▸ **Assignment**
In the listing that follows, print every line exactly and leave the images out.

▸ **Data shown**
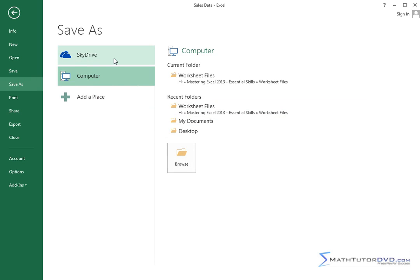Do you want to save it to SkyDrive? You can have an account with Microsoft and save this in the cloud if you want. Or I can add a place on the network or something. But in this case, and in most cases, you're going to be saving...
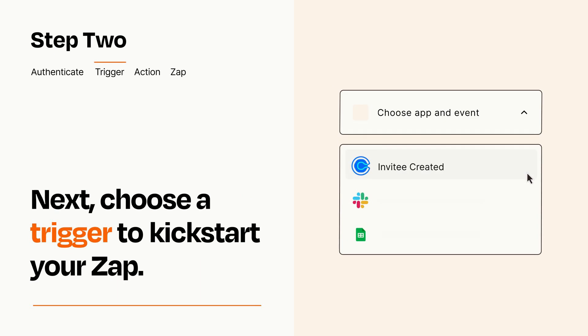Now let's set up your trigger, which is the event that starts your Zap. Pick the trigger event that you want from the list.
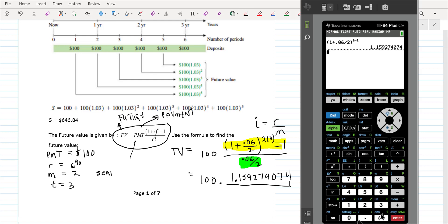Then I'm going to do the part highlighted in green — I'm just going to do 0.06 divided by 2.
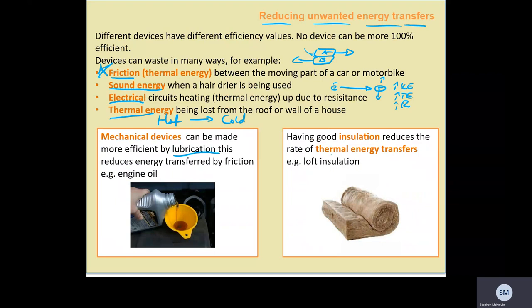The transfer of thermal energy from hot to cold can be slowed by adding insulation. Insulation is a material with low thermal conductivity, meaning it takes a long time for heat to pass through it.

▸ **Answer to this exercise**
Do you want to save it to SkyDrive? You can have an account with Microsoft and save this in the cloud if you want. Or I can add a place on the network or something. But in this case, and in most cases, you're going to be saving...
Now let's set up your trigger, which is the event that starts your Zap. Pick the trigger event that you want from the list.
Then I'm going to do the part highlighted in green — I'm just going to do 0.06 divided by 2.
The transfer of thermal energy from hot to cold can be slowed by adding insulation. Insulation is a material with low thermal conductivity, meaning it takes a long time for heat to pass through it.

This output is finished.